Required work:
Below are entries. Give back exactly the lines from the one containing "トルコ・フェイスタオル・フィッシュ柄・ピンク" through the one containing "BBQ Test Pit", inclusive, without the pictures.

[Brief descriptive captions]
■ ■ ■ ■ ■ ■ ■

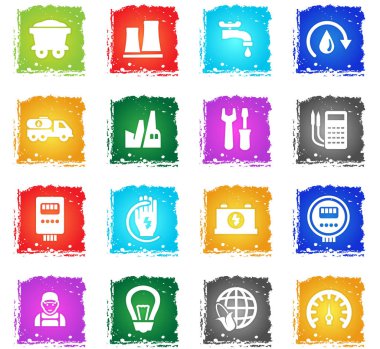 Alternatif enerji simgesi seti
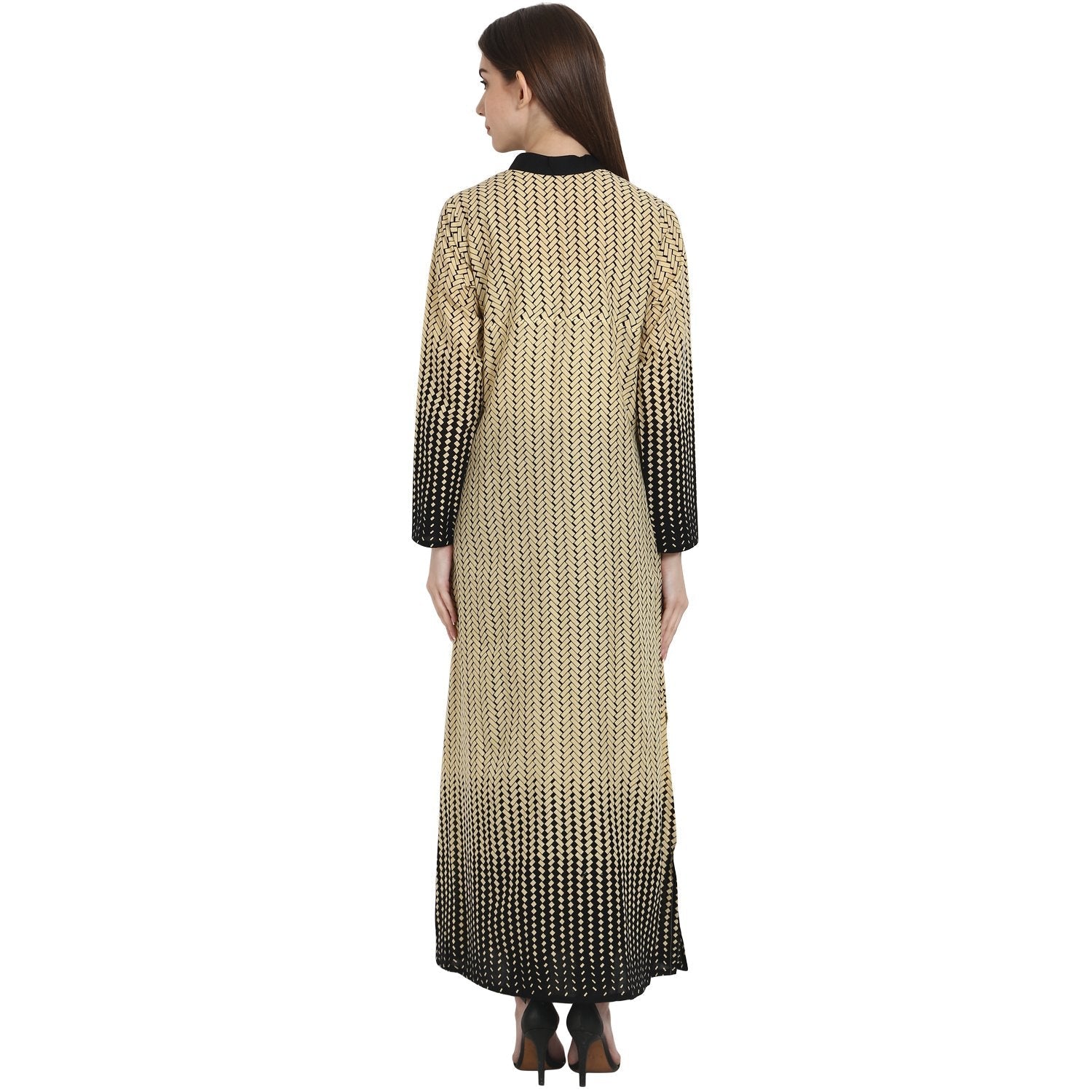 Women's Beige & Black Printed Full Sleeve Ankle Length Cotton Kurta - Nayo Clothing
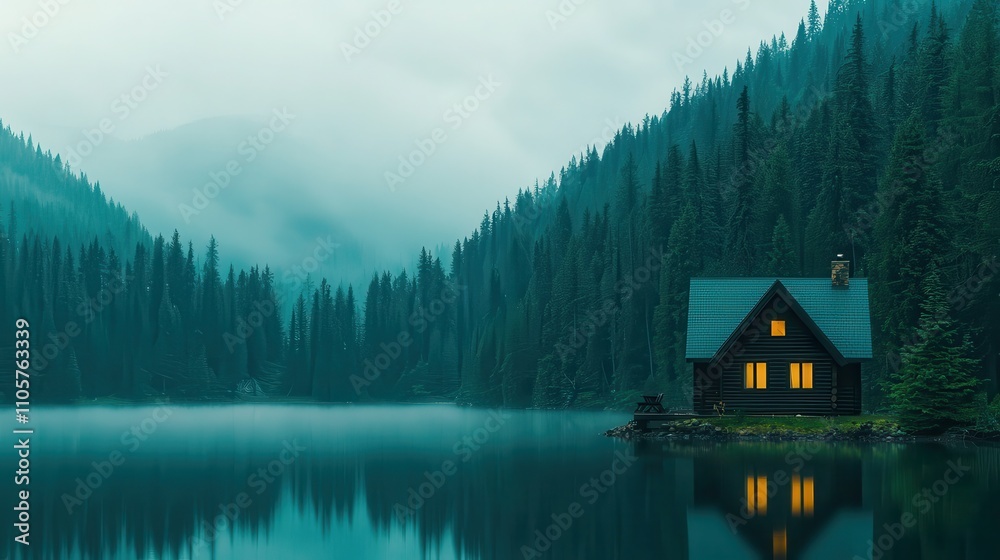 Fototapeta premium Scenic mountain cabin retreat overlooking a serene lake tranquil nature setting photography peaceful environment inspirational viewpoint for relaxation and reflection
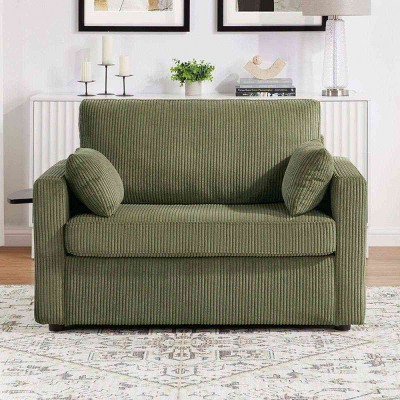 47.2" Twin Size Corduroy Sleeper Sofa with Foldable Mattress, Multi-Function Pull Out Sofa Bed for Guest Room or Small Apartment–The Pop Home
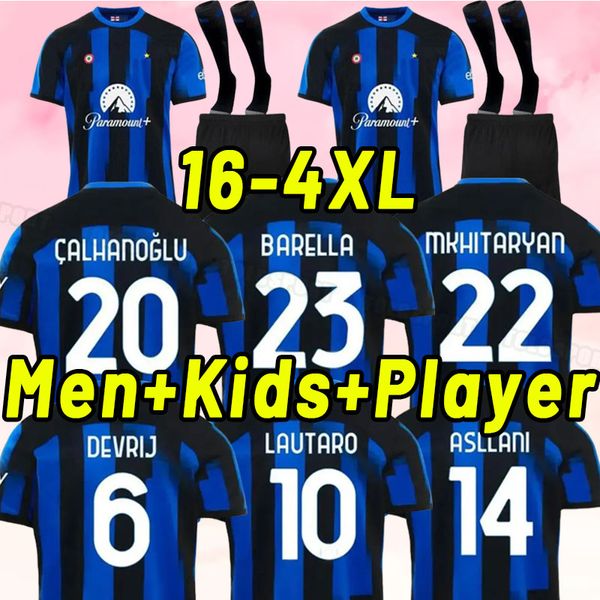 fans player version inter lukaku soccer jerseys 23 24 barella vidal lautaro eriksen alexis dzeko correa uniforms football shirts 2023 2024 m, Black;yellow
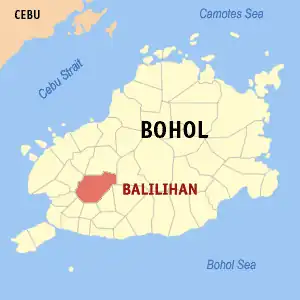 Balilihan na Bohol Coordenadas : 9°45'N, 123°58'E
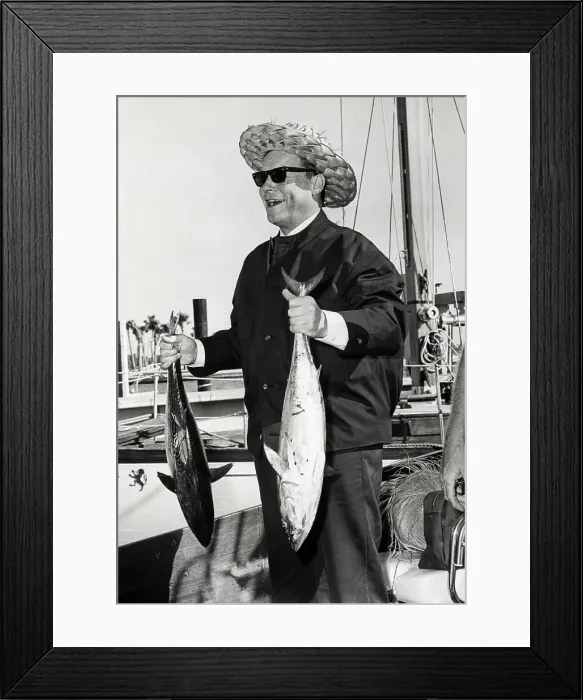 Framed Print : Willy Brandt In Straw Hat Holding Fish Framed Print : Willy Brandt In Straw Hat Holding Fish
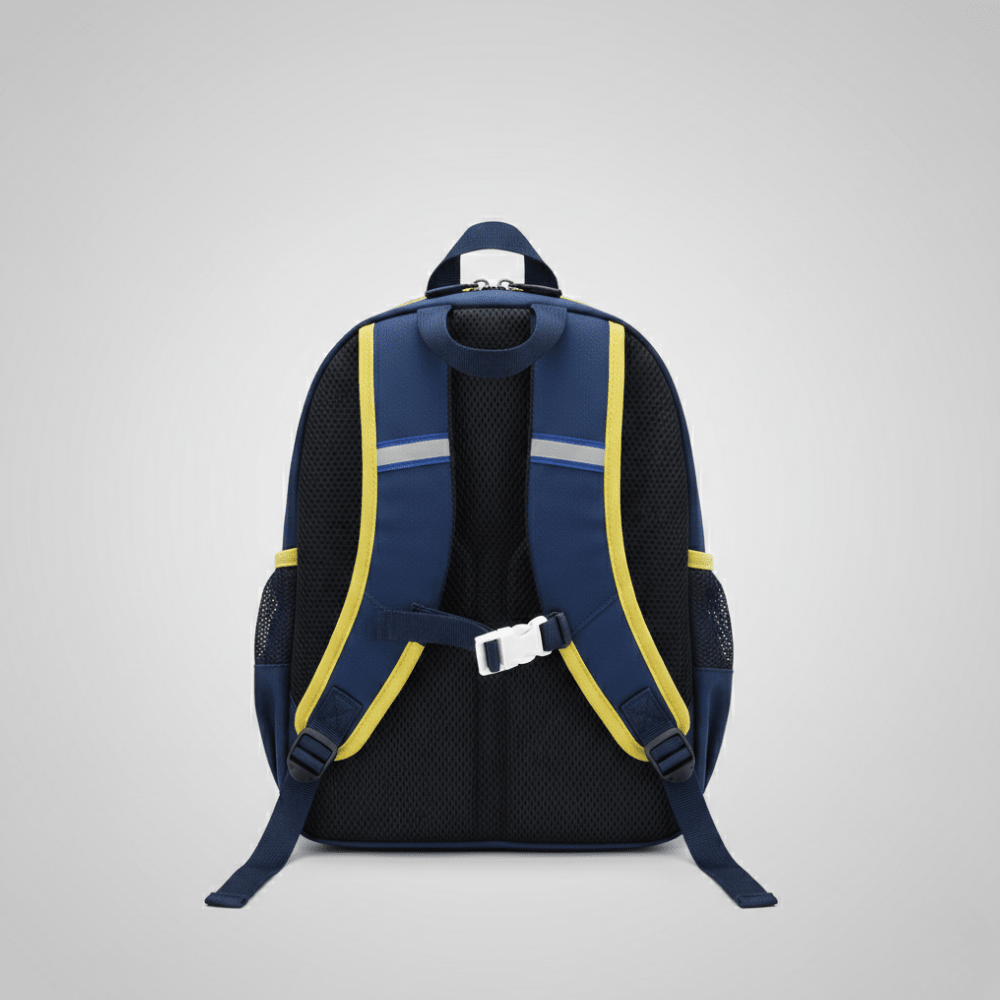 Car Print School BackpackKids BagsCRAFTY CUDDLEBlue and yellow backpack on a light gray backgroundKidsBackpack SchoolBagForKids PreschoolBackpack KindergartenBag CarThemeBag CartoonSchoolBag ToddlerBackpack LightweightBackpack BoysSchoolBag KidsSchoolEssentials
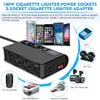 TR24 Cars Charger Quick Charge 3.0 Cigarette Lighter Splitter 12V/24V 3-Socket 180W ON-OFF DC Power Car Splitter with 4-Port USB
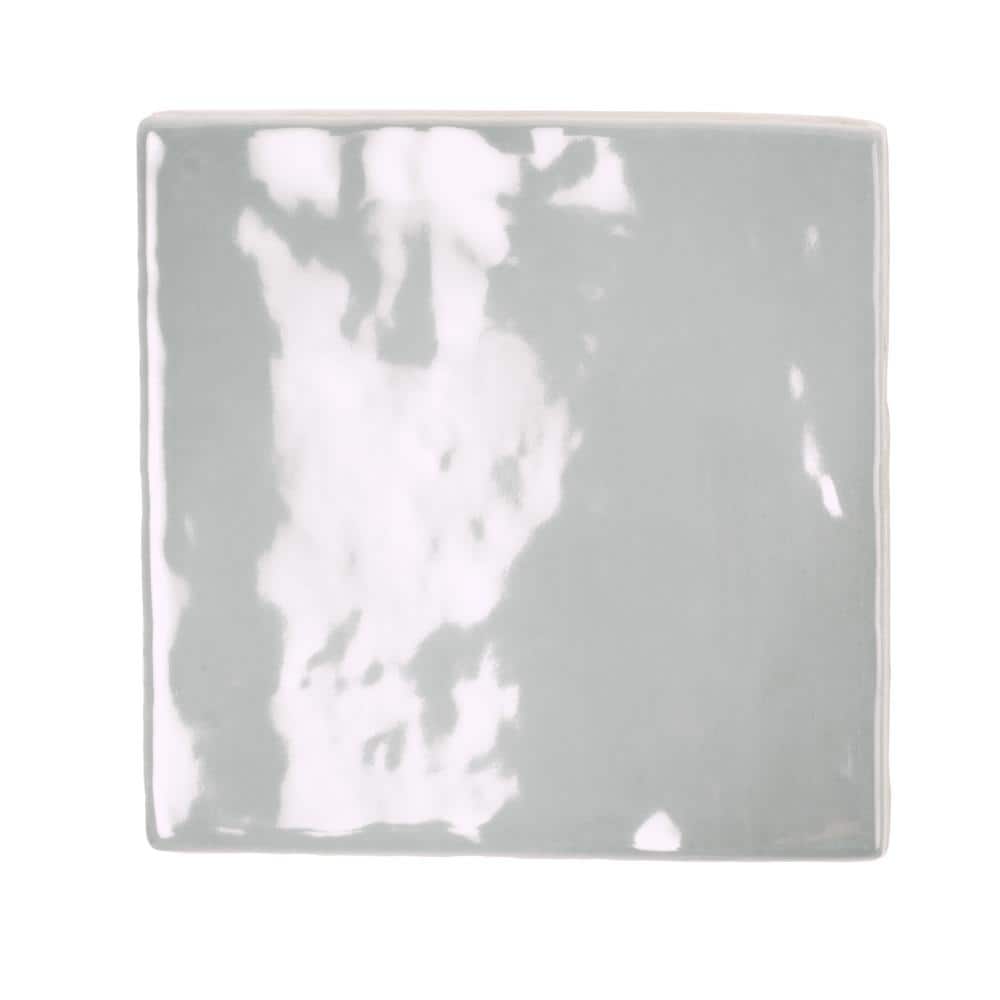 Silken 3.94" Gray Glossy Ceramic Square Wall and Floor Tile
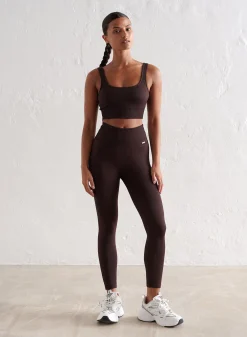 Treningstights|Ribbete Tights^AIM’N Ribbed Seamless Petite Tights Cacao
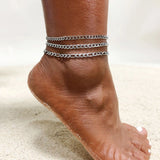 Stainless Steel Rope Twist Chain Anklet Summer Foot Bracelet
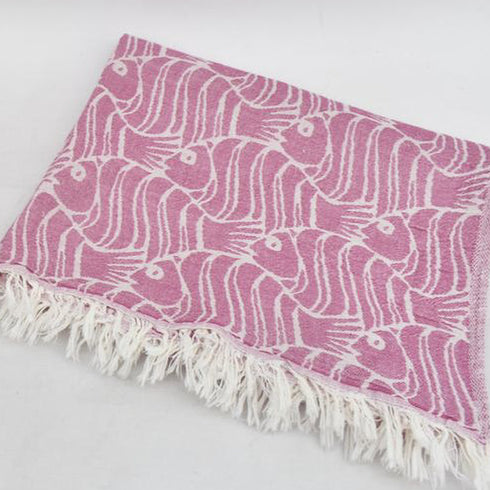 トルコ・フェイスタオル・フィッシュ柄・ピンク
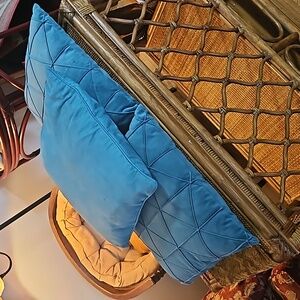 3 set velvet large pillows Set by Gzpai Turquoise Blue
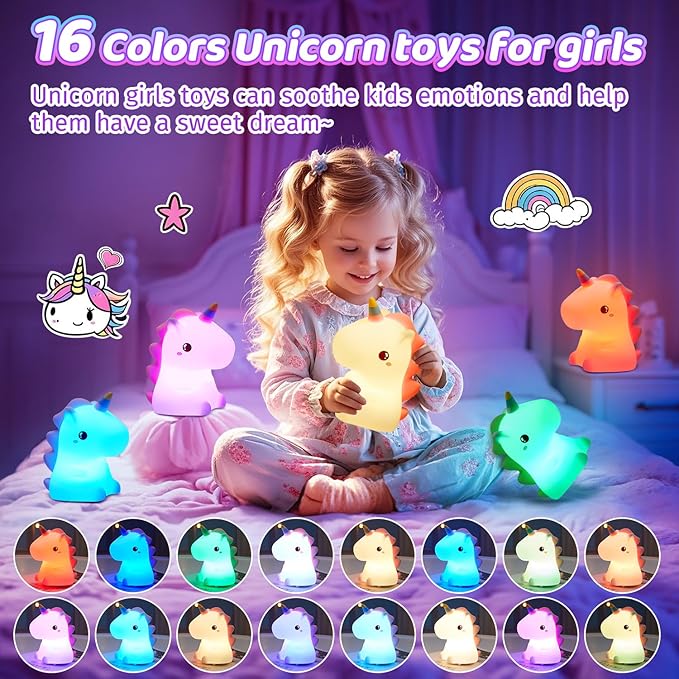 Unicorn Toys, Night Light for Kids Night Light,16 Colors+Silicone+Dimmable+12 Hours Use Nightlight for Kids Room,Unicorn Toys for Girls Age 4-6, Valentines Day Gifts for Kids, Baby, Toddlers, Adults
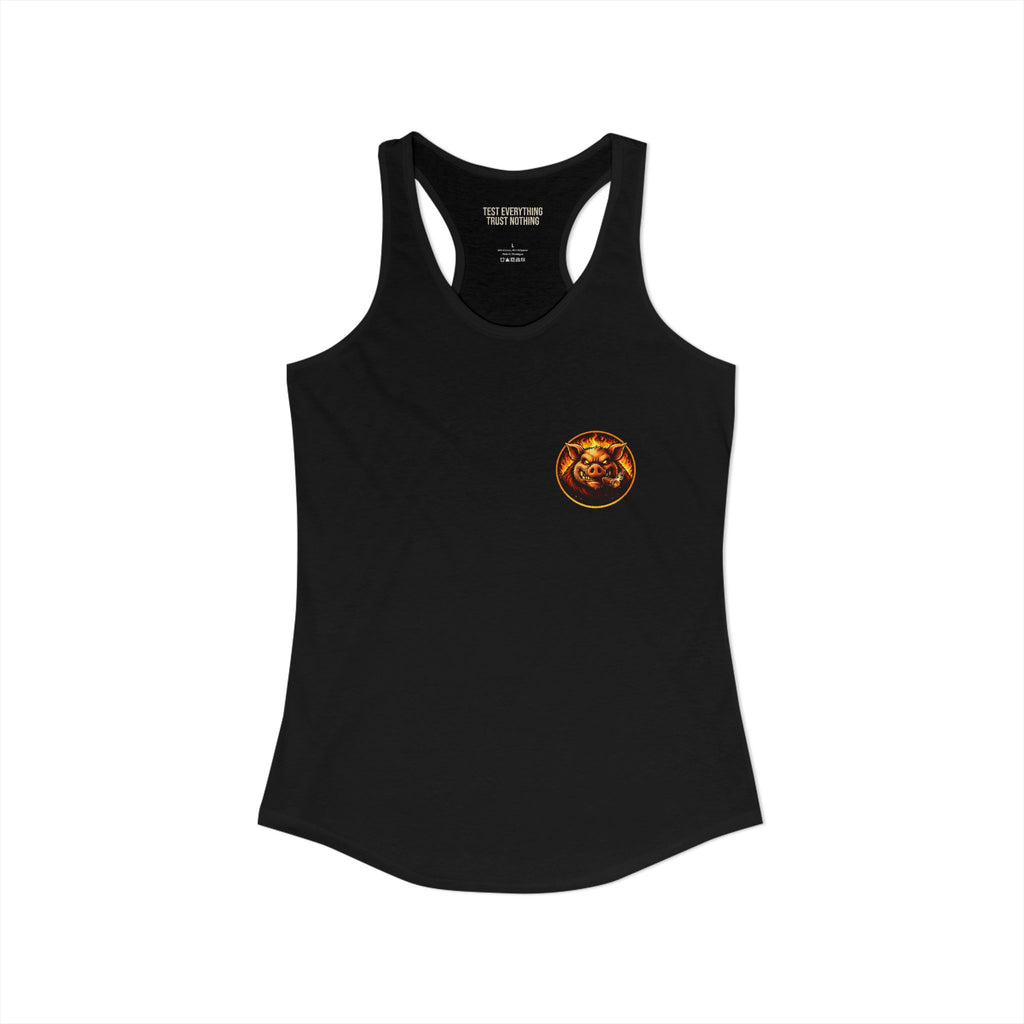 BBQ Test Pit Official Logo Women's Tank Top — Premium Racerback | Batch 001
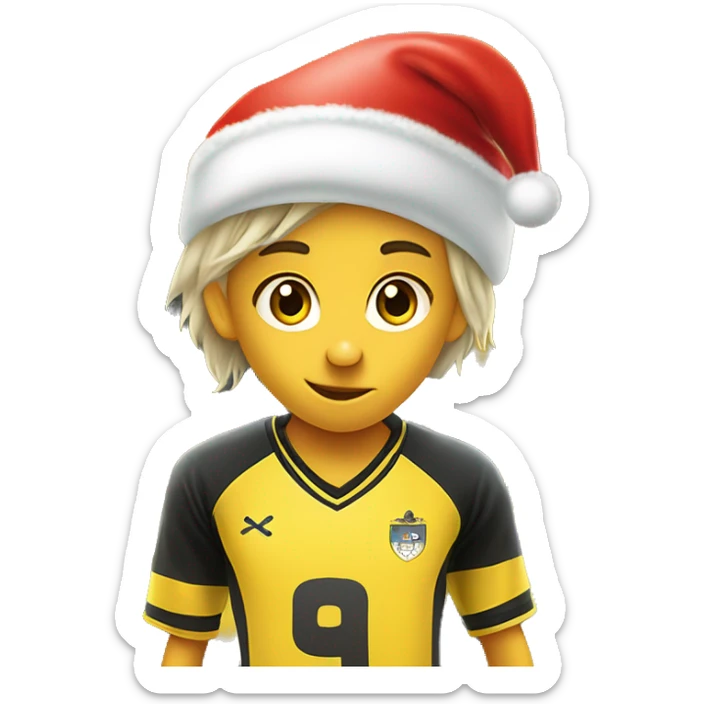9 year old kids soccer team called the silent knights, put a soccer ball with a Santa hat on the front of the jersey. All of the kids are yellow sticker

■ ■ ■ ■ ■ ■ ■

Solution for this problem:
 トルコ・フェイスタオル・フィッシュ柄・ピンク
 3 set velvet large pillows Set by Gzpai Turquoise Blue
 Unicorn Toys, Night Light for Kids Night Light,16 Colors+Silicone+Dimmable+12 Hours Use Nightlight for Kids Room,Unicorn Toys for Girls Age 4-6, Valentines Day Gifts for Kids, Baby, Toddlers, Adults
 BBQ Test Pit Official Logo Women's Tank Top — Premium Racerback | Batch 001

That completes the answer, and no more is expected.